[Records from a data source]
---------------
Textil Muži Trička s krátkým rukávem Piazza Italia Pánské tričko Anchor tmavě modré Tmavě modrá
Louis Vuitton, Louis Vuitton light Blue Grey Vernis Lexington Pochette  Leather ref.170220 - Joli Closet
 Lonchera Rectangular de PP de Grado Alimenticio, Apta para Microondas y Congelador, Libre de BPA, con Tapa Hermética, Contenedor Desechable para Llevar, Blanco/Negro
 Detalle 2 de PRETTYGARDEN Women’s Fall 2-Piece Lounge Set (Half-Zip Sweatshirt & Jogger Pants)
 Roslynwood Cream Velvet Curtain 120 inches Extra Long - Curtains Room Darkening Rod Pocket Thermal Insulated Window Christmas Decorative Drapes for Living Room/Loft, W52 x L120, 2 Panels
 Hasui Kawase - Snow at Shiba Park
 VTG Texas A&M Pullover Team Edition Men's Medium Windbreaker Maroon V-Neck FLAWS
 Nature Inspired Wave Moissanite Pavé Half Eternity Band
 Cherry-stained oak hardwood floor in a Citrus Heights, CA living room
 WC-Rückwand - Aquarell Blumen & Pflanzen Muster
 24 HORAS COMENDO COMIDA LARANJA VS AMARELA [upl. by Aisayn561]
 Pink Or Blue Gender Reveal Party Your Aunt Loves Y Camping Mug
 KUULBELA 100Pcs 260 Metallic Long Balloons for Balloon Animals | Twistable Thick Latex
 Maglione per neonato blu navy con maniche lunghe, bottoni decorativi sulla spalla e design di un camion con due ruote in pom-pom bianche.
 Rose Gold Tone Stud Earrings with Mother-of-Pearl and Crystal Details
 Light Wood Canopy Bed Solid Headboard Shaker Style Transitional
---------------
(PROBLEM STATEMENT):
Show the lines in the entries above that include the string "Half".

(RESPONSE TO THIS TASK):
 Detalle 2 de PRETTYGARDEN Women’s Fall 2-Piece Lounge Set (Half-Zip Sweatshirt & Jogger Pants)
 Nature Inspired Wave Moissanite Pavé Half Eternity Band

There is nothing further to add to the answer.